→ Assignment:
Below are some records. Say how many of their lines contain the string "Bathroom", and give nothing but the number.

Stored data: Begin

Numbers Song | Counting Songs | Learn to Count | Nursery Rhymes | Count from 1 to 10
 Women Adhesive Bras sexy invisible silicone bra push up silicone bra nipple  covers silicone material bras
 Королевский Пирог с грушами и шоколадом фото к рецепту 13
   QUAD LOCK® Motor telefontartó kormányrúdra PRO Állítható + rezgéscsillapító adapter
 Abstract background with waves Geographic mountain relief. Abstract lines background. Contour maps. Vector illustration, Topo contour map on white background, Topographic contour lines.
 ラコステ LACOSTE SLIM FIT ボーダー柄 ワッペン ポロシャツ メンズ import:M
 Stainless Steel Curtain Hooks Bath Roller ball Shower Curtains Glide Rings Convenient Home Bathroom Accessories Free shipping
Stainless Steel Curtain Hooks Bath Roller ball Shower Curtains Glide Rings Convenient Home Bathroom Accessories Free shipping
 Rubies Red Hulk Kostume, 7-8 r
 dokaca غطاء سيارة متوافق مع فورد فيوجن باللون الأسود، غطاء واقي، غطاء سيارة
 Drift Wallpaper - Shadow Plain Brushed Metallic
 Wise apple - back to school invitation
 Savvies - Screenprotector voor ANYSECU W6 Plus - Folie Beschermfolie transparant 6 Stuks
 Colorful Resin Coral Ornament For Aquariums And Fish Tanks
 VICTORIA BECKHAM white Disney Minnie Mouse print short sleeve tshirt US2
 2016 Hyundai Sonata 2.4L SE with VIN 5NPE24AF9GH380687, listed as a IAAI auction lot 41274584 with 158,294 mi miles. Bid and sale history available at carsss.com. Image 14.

Stored data: End

→ The answer:
2